Huawei's official X account, after publishing "Tao's Law" today, has seen each post garner over 1 million views, with announcements consistently exceeding 10 million. It's impossible to say that international observers aren't paying close attention.
Huawei is discussing a new semiconductor approach called "Tao's Law." Its core isn't about relentlessly pushing for smaller transistors, but rather shifting the focus to improving the speed of data processing and computation within the entire system.
In other words, while Moore's Law focused on space—making chips smaller and smaller—Huawei now emphasizes time, meaning reducing latency and increasing efficiency through packaging, interconnects, and architectural optimization within the same manufacturing process.
One key technology is Logic Folding. Simply put, it involves changing the circuitry from a single planar surface to a multi-layered stack, shortening the signal path.
Shorter paths result in lower latency and better power consumption. The article states that the Kirin 2026 chip, using this technology, shows significant improvements in transistor density, energy efficiency, and frequency within a fixed manufacturing process.
Another key focus is AI data centers. Huawei believes that the bottleneck in the AI era is not just insufficient computing power, but also the slow, power-intensive, and expensive data transfer. The article mentions that in large AI clusters, much energy and cost is spent on data transmission, storage, and interconnection.
Therefore, Huawei has proposed solutions such as a unified bus, Hi-ONE optical interconnect, and 3D folding, aiming to enable a large number of chips to work collaboratively as a unified system.
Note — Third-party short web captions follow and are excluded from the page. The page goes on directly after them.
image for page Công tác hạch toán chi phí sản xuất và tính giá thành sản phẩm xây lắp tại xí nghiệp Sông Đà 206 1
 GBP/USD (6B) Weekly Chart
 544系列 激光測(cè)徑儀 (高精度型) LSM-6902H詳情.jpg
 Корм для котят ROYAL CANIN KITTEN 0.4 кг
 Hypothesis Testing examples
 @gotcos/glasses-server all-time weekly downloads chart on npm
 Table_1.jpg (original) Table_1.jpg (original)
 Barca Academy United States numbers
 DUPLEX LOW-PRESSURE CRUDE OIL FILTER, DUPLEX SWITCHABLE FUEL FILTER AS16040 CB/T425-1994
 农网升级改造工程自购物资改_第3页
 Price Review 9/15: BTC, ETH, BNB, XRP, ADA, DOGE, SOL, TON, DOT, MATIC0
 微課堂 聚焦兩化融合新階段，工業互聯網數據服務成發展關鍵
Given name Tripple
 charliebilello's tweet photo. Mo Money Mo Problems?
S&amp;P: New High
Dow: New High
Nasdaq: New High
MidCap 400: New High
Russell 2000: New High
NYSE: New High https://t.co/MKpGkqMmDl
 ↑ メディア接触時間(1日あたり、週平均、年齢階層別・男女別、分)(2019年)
In layman's terms, since the most advanced lithography is difficult to obtain, the focus shouldn't be solely on 2nm and 3nm processes; alternative approaches should be taken to improve performance. Huawei states that it has mass-produced 381 chips in the past six years and has summarized its experience into a methodology that optimizes not only individual transistors but the entire chain—transistors, circuits, chips, systems, and data centers—together.
Huawei believes that future chip competition may no longer be about who can produce even smaller nanometers like 2nm and 3nm among TSMC, Samsung, and Intel, but rather about who can excel in packaging, interconnection, system architecture, and hardware-software synergy.